China now rivals North Africa as the world's leading producer of border-crossing dust. It has always been generously endowed with deserts—including the Gobi, Asia's largest (which China shares with Mongolia), and the forbidding Taklimakan, the world's largest sand dune desert—which cover more than a fourth of Chinese territory. Until recently, when programs to combat desertification began to make some progress, it lost a Rhode Island-sized parcel of land to desert each year.
Dust storms that now debilitate Beijing appear in records from as long ago as the 1200s, but they occurred less than once a year on average then; today they come at least 20 times a year. At their worst, the storms drape Beijing in a yellowish cloak that blots out the sun, shuts down air and road traffic, clogs machinery, and makes seeing across the street nearly impossible. Each year, they blow a million tons of dust through Beijing and several tens of millions of tons as far as the western Pacific Ocean, 7,000 miles away. Dust particles are so small—at most a seventh of the diameter of a human hair—that human lungs are defenseless against them.
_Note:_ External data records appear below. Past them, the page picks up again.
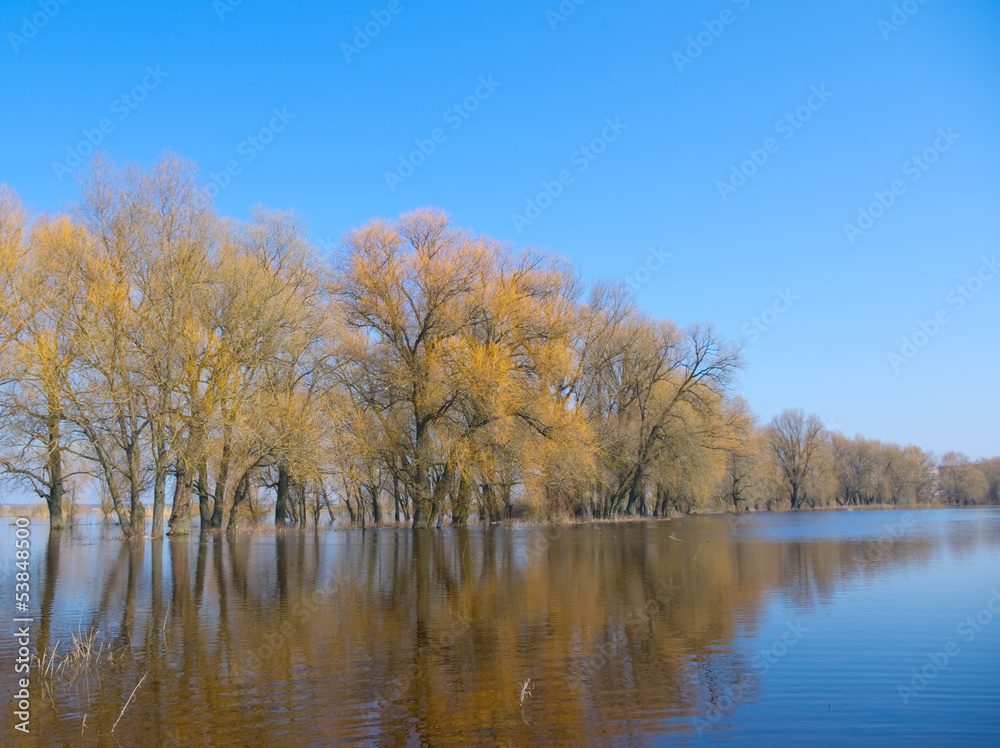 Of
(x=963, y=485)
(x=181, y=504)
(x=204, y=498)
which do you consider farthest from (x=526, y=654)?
(x=963, y=485)

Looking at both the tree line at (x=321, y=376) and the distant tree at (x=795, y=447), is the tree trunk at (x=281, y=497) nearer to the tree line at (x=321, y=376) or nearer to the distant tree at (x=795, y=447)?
the tree line at (x=321, y=376)

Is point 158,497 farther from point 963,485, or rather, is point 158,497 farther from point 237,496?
point 963,485

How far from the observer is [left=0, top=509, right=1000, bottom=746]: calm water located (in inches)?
270

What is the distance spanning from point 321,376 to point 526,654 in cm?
2962

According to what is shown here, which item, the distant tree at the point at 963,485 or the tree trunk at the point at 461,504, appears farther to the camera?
the distant tree at the point at 963,485

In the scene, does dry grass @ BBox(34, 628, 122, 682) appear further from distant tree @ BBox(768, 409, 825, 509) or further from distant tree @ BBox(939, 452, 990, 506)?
distant tree @ BBox(939, 452, 990, 506)

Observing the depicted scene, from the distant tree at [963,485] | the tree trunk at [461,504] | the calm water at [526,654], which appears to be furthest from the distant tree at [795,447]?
the calm water at [526,654]

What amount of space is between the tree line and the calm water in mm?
10966

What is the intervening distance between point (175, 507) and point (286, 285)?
35.4 ft

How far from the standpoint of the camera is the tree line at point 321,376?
90.7 ft

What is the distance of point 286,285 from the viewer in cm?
3344

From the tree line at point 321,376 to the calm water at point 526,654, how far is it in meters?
→ 11.0

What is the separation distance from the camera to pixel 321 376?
3731 cm

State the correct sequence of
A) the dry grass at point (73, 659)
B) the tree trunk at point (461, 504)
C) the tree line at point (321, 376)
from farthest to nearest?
the tree trunk at point (461, 504)
the tree line at point (321, 376)
the dry grass at point (73, 659) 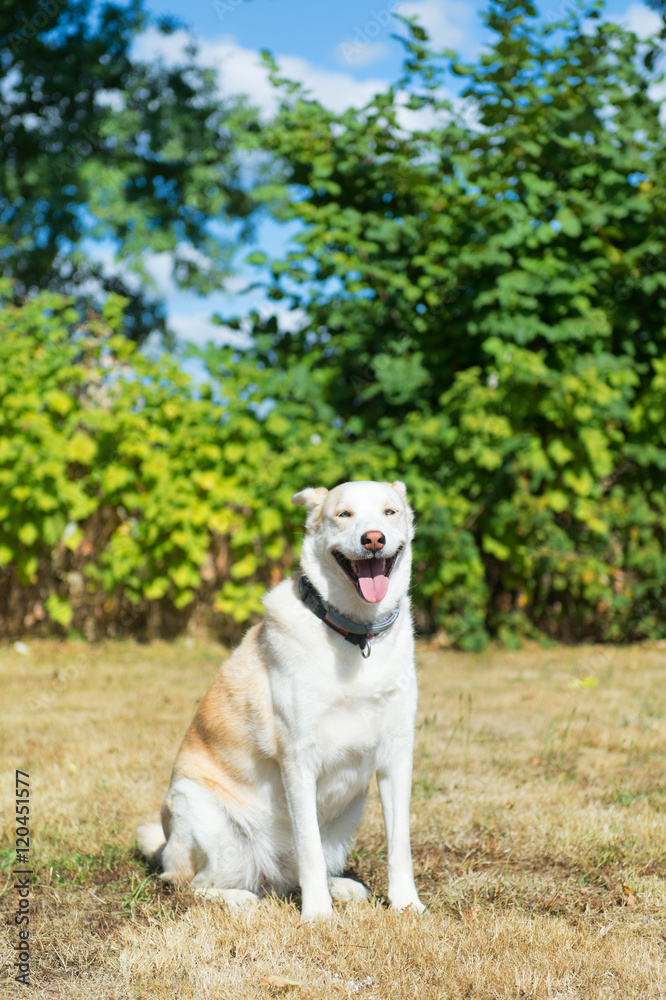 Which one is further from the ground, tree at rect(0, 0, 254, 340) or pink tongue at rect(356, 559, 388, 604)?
tree at rect(0, 0, 254, 340)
Frequent inhalation can cause coughing, painful breathing, bronchitis, asthma, permanently decreased lung function, and premature death.
Dust storms also set off ripples of harm. "When dust blows, what you are seeing are nutrients leaving a system—the ability of the soil to support agricultural crops is leaving," says Jayne Belnap, a research ecologist at the U.S. Geological Survey. "So you're setting up a dynamic that causes people to starve or to add more fertilizer to their soil. If they add more fertilizer, then the water becomes eutrophic, and it flows into the ocean and screws that up. It's just this huge hunk of 'uh-oh' on a massive scale. And every time we have an 'uh-oh' in a country, it doesn't matter where, it comes back and hits us."